Unstructured Data Analysis with BigQuery ML

Subscribe to our monthly newsletter to get the latest updates in your inbox

Google announced unstructured data analysis is available directly within BigQuery ML. This announcement means we can feed images, videos and documents into machine learning models that allow us to perform detailed analyses. The fact this is available in BigQuery means this is all done using SQL—a feat previously only available with advanced coding skills using ML frameworks like Tensorflow. 

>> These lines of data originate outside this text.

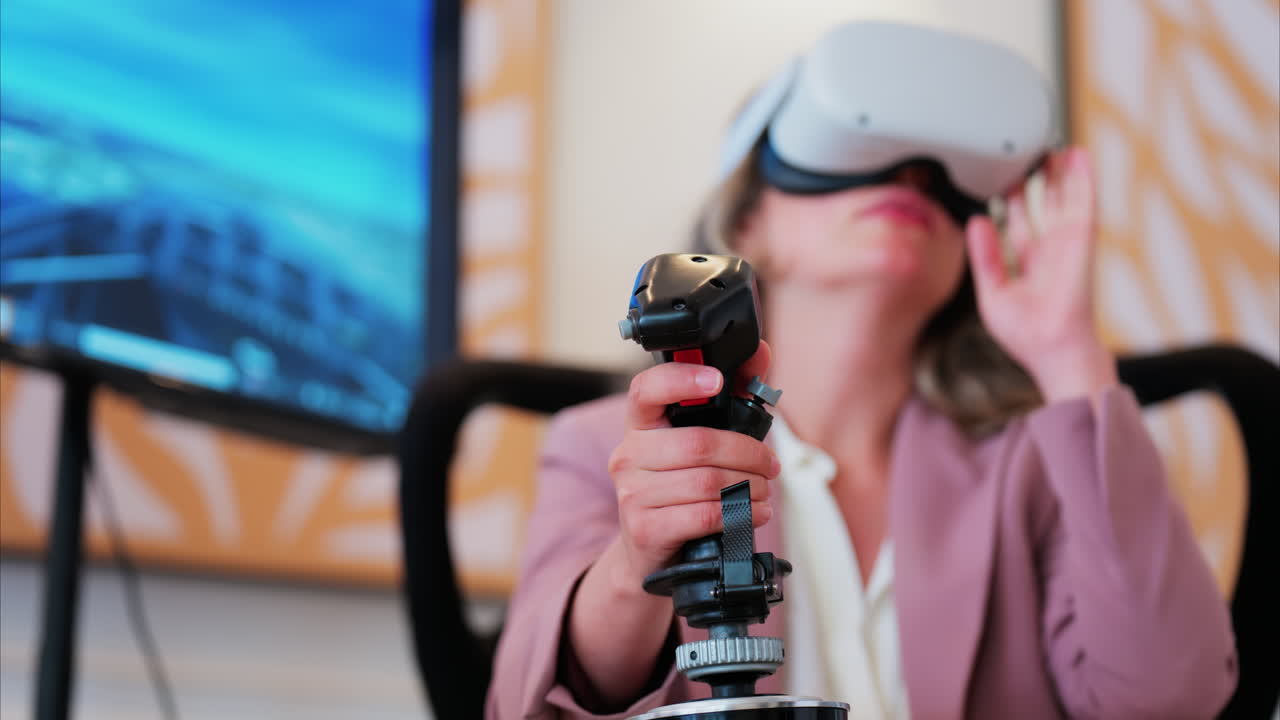 Woman wearing a Virtual Reality headset, playing games, holding a handle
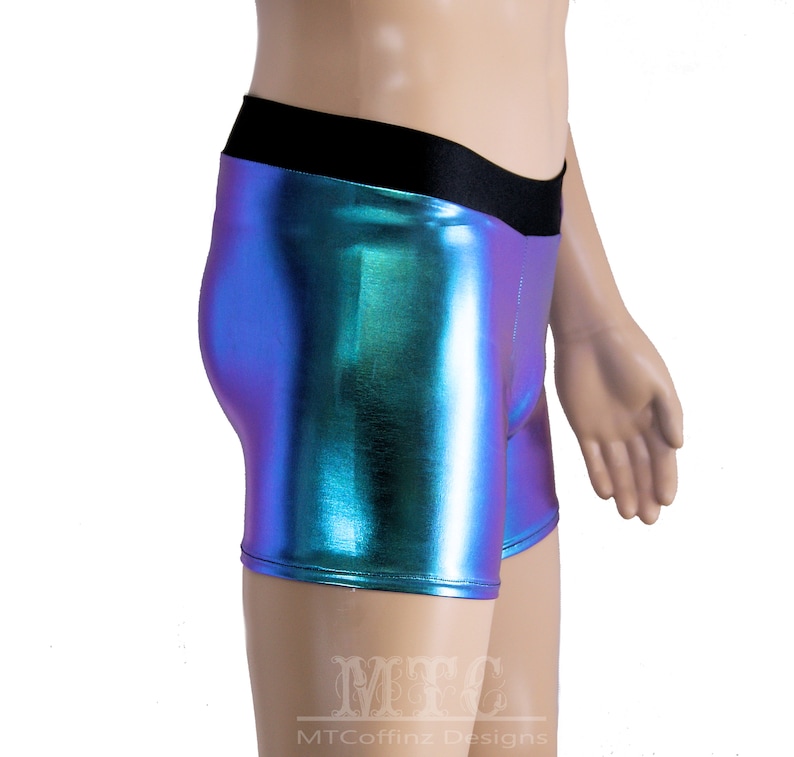 May include: A pair of iridescent blue and green shorts with a black waistband. The shorts are made of a shiny, metallic fabric.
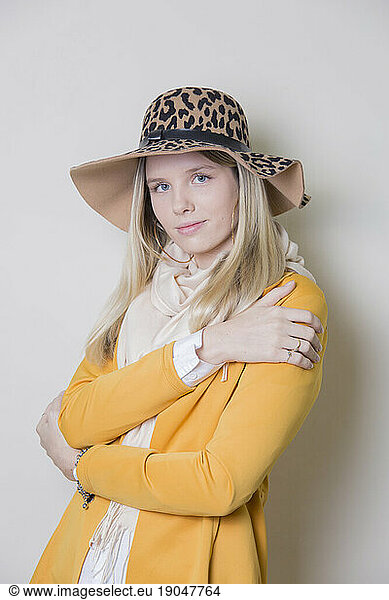 Portrait woman with yellow sack and hat
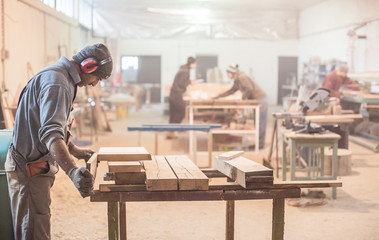Man doing woodwork in carpentry / Carpenter work on wood plank in workshop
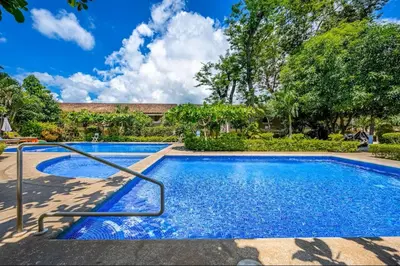 a swimming pool with blue water in a yard at Sweet Dreams #5 Playa Ocotal in Coco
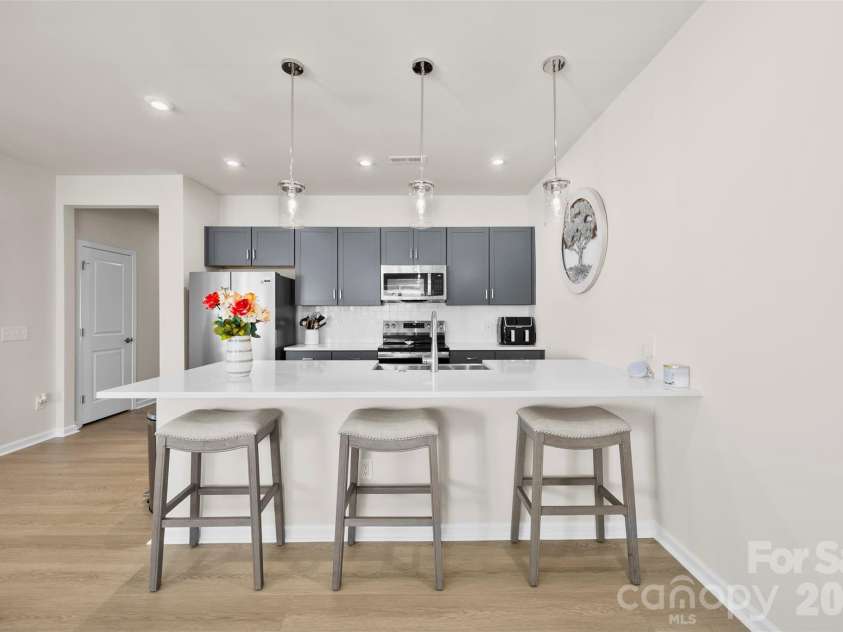 2312 Endeavor Run, Charlotte, NC 28269.  MLS# CAR4365921, YatesRealty ID 10692. Kitchen with bar stools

In this article, we'll look at how Adswerve applied this new capability for Twiddy & Co, the leading vacation rental provider in the outer banks. Their visual content is critical for guests to find the vacation of their dreams. This project took Twiddy's in-house SQL skills and applied that to state-of-the-art machine-learning image analysis. 

https://www.youtube.com/watch?v=TYKANQTNSfM&t

BQML Unstructured Data Overview

A picture is worth a thousand words and many more data points. Unstructured data analysis unlocks information hidden within complex objects – including images, audio, videos and documents. Currently, this capability is difficult and scarce. It’s also cutting edge, which comes with positives and negatives.

BigQuery has been able to serve custom Tensorflow models for years. However, the input was always tabular. For the first time, this capability is available with unstructured inputs. Using BigLake to mount to GCS, we have new Object Tables that can query the unstructured file's data and metadata. 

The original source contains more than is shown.